蓮池藩では、第四代藩主の鍋島直恒が岡白駒(おかはっく)という儒学者を招聘し、早くから教育に力を入れていました。七代藩主の鍋島直温がわずか8歳で藩主となったため、家老たちが中心となって藩の教育を推進しました。彼らは自宅や藩邸(御屋形)を活用して講義を行い、家臣の子弟を教育しました。

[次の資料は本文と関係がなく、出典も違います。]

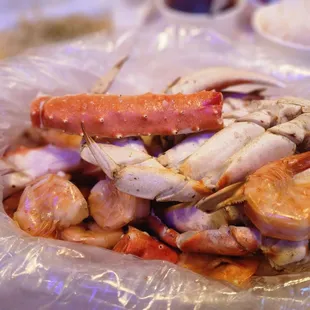 Boiler Special B (Dungeness crabs, king crabs, and shrimp with heads off)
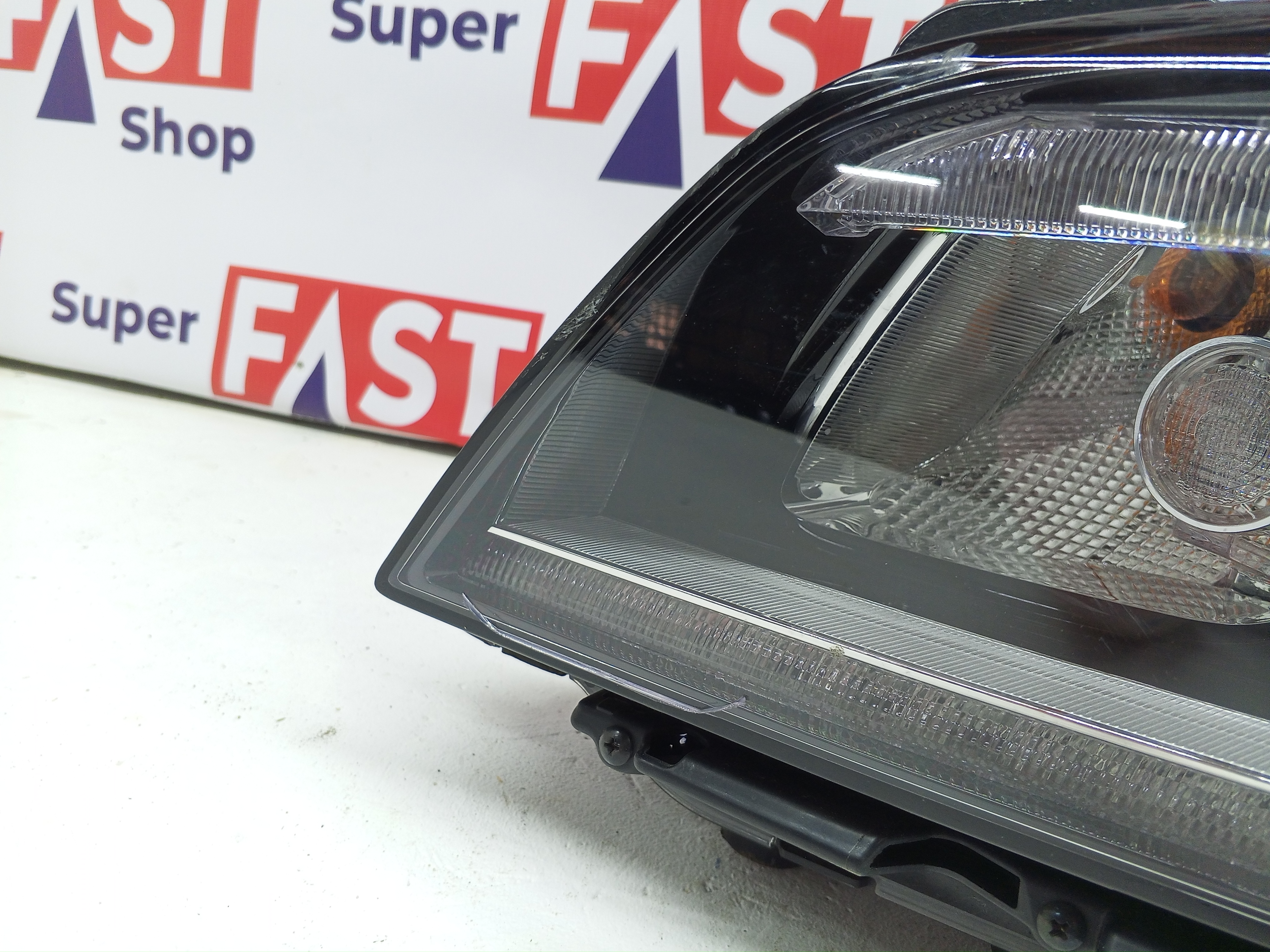 левая фара Genesis G80 ксенон 2016-2020 ДЕФЕКТ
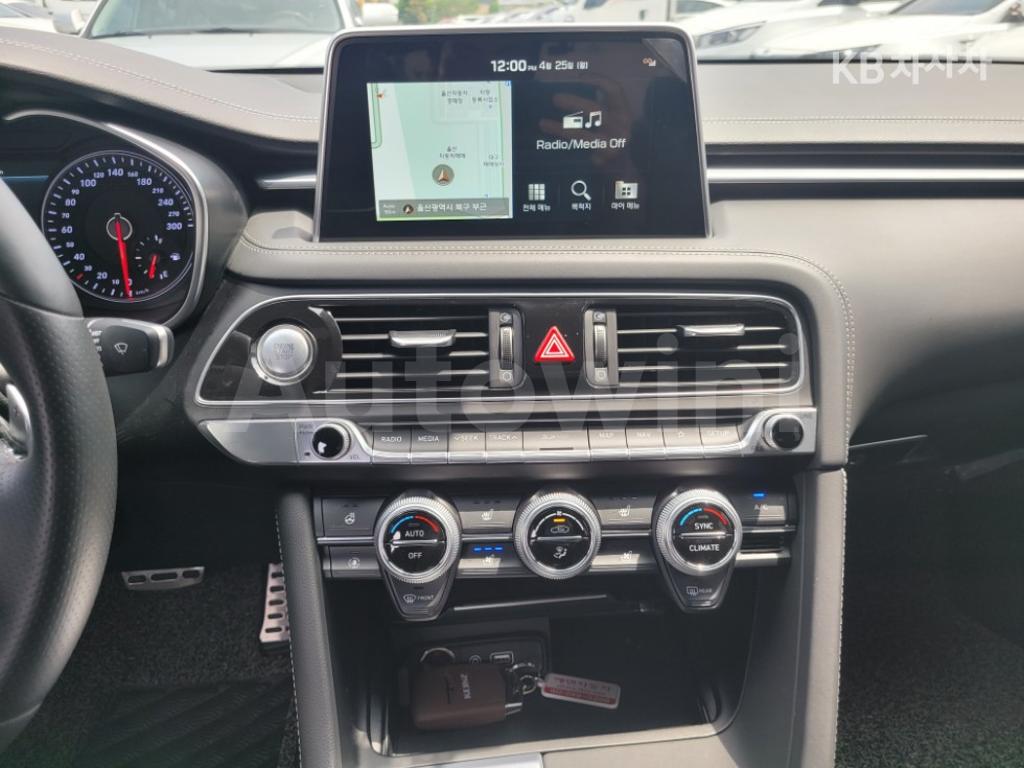 2020 GENESIS G70 2.0T SPORT PACKAGE - 23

1781年に佐賀藩が「弘道館」を創設してから3年後の1784年、蓮池藩は藩校「成章館」を設立しました。成章館では、月に3回、主に家臣の長男たちが出席し、学問を学びました。「成章」という名前は、孔子の言葉から取られています。『論語』の公治長篇には、孔子が「故郷の若者たちは志が高く、美しい文様を織りなしているが、これをどう裁断し、形にするかを知らない。故郷に戻り、彼らを教育し、立派な人材に育てよう」と嘆いたエピソードがあります。この「成章」の言葉は、素晴らしい潜在能力を持ちながらも未熟な人材を磨き上げる場としての意味が込められています。
成章館には学則があり、学芸から武芸に至るまで幅広い教育が行われました。特に儒学がメインで教えられましたが、他の学校にはない国学も取り入れられていた点が特徴的です。創設当初は運営に苦労しましたが、蓮池藩は年々予算を増やし、教育に力を入れ続けました。
しかし、廃藩置県により藩校は廃止され、成章館は芙蓉小学校へと生まれ変わりました。「芙蓉」とは「蓮」の異名であり、蓮池藩の精神を引き継いでいます。学校名は変わりましたが、八代藩主の鍋島直与が掲げた成章館の理念「蘊真(うんしん)」は、今でも芙蓉校の指針として大切にされています。
蓮池藩の教育に対する情熱は、現代にも受け継がれており、今後も地域の歴史と共に学びを深めていきたいと思います。
ご参加いただいた皆様ありがとうございました。